1 de julio de 2006

La Historia Apócrifa De Chactas

Entierro de Atala, Girodet-Troison (1767-1824)

La historia apócrifa de Chactas
Alejandro Luque


Cuando llegaron al valle con sus pieles blancas que hedían soberbia y prepotencia, no valieron los ataques que organizaron las siete tribus ni, al final, los esfuerzos de nuestros brujos para detener la avanzada del hombre del oeste. Nos diezmaron sin clemencia, se apoderaron de nuestras tierras y de nuestros dioses, y nos acorralaron en los yermos montañosos del sureste. Lejos del espíritu del Gran Río, perdimos fuerza y los dioses terminaron por abandonarnos. Algunos de nuestros ancestros se contentaron con los cactos y las rapaces, y se reunieron en tribus abrasadas por el sol y el hambre. Otros se abandonaron a su suerte, creyendo encontrarla en nuestras antiguas tierras. Lograron dividirnos. Ganaron.

Pero el golpe más brutal de los invasores fue que nos impusieron su dios vengador de tres caras: la que azota con su barba blanca, la que exige una paz obligada en la que el pueblo que la recibe es siempre perdedor, y la del crucificado que pregona la aceptación del fuerte sobre del débil.

Soy Chactas, hijo de Mimbras de la tribu de los Natchez. He perdido todo, nada me queda. Y juro que no será la sangre de los invasores la que llore sobre tu tumba, Atala, cuando el sol se vuelva a poner detrás del monte de encinas. Aquel reducto oculto donde nos prometimos la desnudez que heredamos de nuestro pueblo será un invento, un engaño como el que las nubes inquietas del sur juegan en los meses del sol sobre nuestras cabezas. Tampoco será la vanagloria violenta de los brujos blancos la que te rendirá los homenajes dignos de tu alcurnia, porque tu cuerpo no estará ahí.

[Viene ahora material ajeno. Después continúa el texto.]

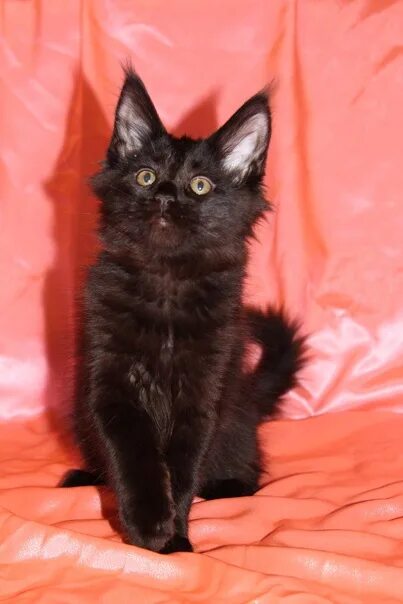 Котенок мейн кун 3 месяца фото Pskov. Three months in good hands. Gorgeous, black, long hair, 3 months, talkati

Aunque así se lo hayas prometido a tu madre que abrazó la cruz y quiso imponértela.

Porque no sabrán que no estás debajo de esa piedra que sostiene al crucificado y en la que pintaron un nombre que no es el tuyo. Pero si sospecharan, no te encontrarán, lo sé. Chactas te promete que ninguna luna pintará la sombra de los leños en cruz sobre tu morada. Sé que no podré evitar que el gusano de la muerte te desmigue, pero cumpliré con el pacto de nuestra estirpe. Caminaré orgulloso el resto del camino que me queda por recorrer, Atala. Y no temas, no me perseguirán como a una bestia de caza, porque no seré culpable de otra cosa que de esconder mi corazón sometido al látigo de tu abandono inexorable. No lloraré como lo hago ahora.

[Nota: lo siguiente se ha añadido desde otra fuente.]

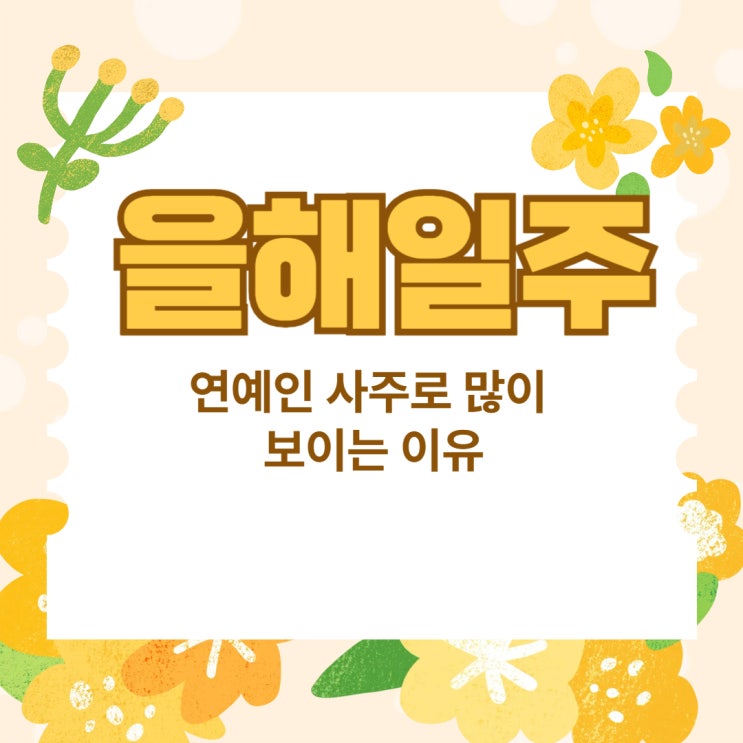  을해일주는 왜 연예인 사주로 많이 보일까? 성격 궁합 흐름까지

Oculto un mechón de mis cabellos en tu mano, los cabellos que amabas y recorrías con tus dedos como buscando el fondo del río. Lo enrollo en tu mano que aún lleva esos leños en cruz que nos separaron sólo por un instante. El único bien que poseo es el aro de mis ancestros. Me lo arranco para sangrarte en silencio y reemplazar con él la cruz. Aubry, ese viejo cómplice que me arrebata la delicadeza de tus pies tan iguales a los míos, me reprende y me dice: “Un esclavo de la iglesia no llora”. Te entregamos a la tierra en esta cueva, Atala. Te devolvemos a nuestros dioses derrotados que te guiarán en el viaje.

Mentiremos, Atala, porque nos enseñaron a hacerlo. Mentiremos para rebelarnos contra ese dios mezquino que masacró nuestros dioses y nos confundió. Mentiremos, y los invasores nos creerán, mi amor… Ellos siempre creen.